MIAMI – The Miami Beach City Commission voted against the opening of a Cuban consulate until significant human rights reforms have been made in that country, local media reported Wednesday.
With four votes in favor and three against, the commission “has thrown cold water on their mayor’s hotly debated idea of a having a Cuban consulate in the city,” according to CBSMiami television.
The hearing and recent vote came after a series of talks between Cuban authorities and Miami Beach officials including Mayor Philip Levine, during which the latter expressed his wish to welcome a Cuban consulate.
Last Monday, Cuban residents of Miami Beach expressed their anger during a public hearing at City Hall about the possible establishment of a Cuban consulate in that city.

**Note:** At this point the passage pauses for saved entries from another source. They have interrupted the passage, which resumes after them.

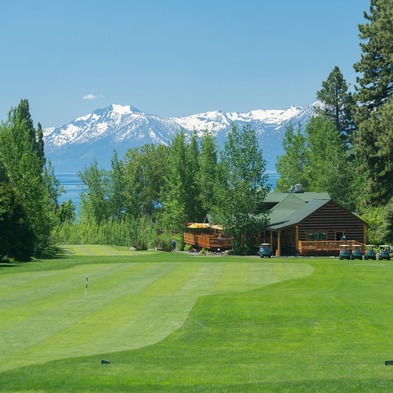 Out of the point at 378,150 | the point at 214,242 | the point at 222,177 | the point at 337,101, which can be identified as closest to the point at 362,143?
the point at 378,150

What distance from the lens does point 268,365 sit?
56.3 ft

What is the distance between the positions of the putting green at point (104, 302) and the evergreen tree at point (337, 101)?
6745 cm

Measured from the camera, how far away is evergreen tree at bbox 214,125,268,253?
74750 millimetres

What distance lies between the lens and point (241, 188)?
75.0 metres

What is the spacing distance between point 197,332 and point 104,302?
769 centimetres

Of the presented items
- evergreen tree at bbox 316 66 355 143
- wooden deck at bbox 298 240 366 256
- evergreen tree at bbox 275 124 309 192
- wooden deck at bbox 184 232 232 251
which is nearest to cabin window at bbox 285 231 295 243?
wooden deck at bbox 298 240 366 256

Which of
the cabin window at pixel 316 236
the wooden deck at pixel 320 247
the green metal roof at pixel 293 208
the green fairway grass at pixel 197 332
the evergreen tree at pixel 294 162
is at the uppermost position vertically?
the evergreen tree at pixel 294 162

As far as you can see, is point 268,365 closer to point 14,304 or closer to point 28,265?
point 14,304

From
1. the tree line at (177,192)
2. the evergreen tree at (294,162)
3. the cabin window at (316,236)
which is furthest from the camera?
the evergreen tree at (294,162)

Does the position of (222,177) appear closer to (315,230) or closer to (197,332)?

Nonetheless, some Cubans spoke of the convenience of having a consulate nearby where they could carry out the necessary procedures for visiting their relatives in Cuba.
During the visit of U.S. President Barack Obama to Cuba last March, Levine, who also went to the island, held meetings with Cuban government officials, to whom he expressed his wish to welcome a consulate in Miami Beach, next to Miami.
Miami Mayor Tomas Regalado, however, said for his part that for “moral reasons” he rejects the eventual opening of a consulate of Cuba in Miami Beach, considering it “a provocation” for the “capital of the exile.”
The U.S. and Cuba renewed diplomatic relations in July 2015 with the reopening of their respective embassies in Havana and Washington.